The Barclays group bases its assertions in part from a survey, conducted in the second quarter of this year, of 340 investors who cumulatively have invested $900 billion in hedge funds, or 30 percent of the industry total. Barclays also looked at other hedge fund data to draw its conclusions. The report points out that more than half of the investors surveyed felt hedge funds did not meet their expectations over the last couple of years.
“However, despite recent press to the contrary, the vast majority of investors we surveyed indicated that they are not pulling back wholesale from their HF allocations,” Barclays stresses. It says this commitment in part reflects the positive attribution hedge funds have offered after combining risk-adjusted returns with their low correlation to indices. The report also indicated that investors “appear keen on” boosting allocations to small and new managers, figuring they offer better returns and more flexibility on fees and terms.
James Simons’ Renaissance Technologies is enjoying a very strong year at its two largest funds that are open to outside investors. The East Setauket, New York firm’s Renaissance Institutional Equities Fund (RIEF) gained 3 percent in July, boosting its gain for the year to 16.8 percent. The Renaissance Institutional Diversified Alpha Fund (RIDA) rose about 1.1 percent in July and is up 12.4 percent for the year. Earlier this year the firm raised $1.5 billion for the Renaissance Institutional Diversified Global Equities (RIDGE) fund. It began trading on April 1. RIDGE is a market-neutral fund, designed to have a low correlation to the global equities market. It is not clear how it has fared so far.

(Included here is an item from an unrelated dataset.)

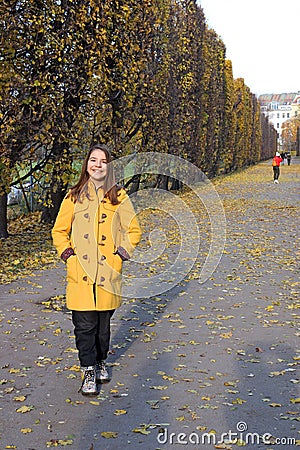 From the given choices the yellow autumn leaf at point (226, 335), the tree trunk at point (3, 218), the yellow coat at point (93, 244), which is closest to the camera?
the yellow coat at point (93, 244)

Leon Cooperman’s Omega Advisors seemed to enjoy a much-needed rebound in July. Assets under management climbed more than 6 percent in July, to $5.2 billion, from $4.9 billion. It is not clear how much of this gain is due to performance or new money that came into the embattled New York manager’s funds. However, given the recent rash of redemptions, the increase is probably mostly due to performance. Omega Overseas Partners had lost 5.3 percent in June, extending its loss for the first half to 7.15 percent, according to HSBC, which tracks hedge fund performance.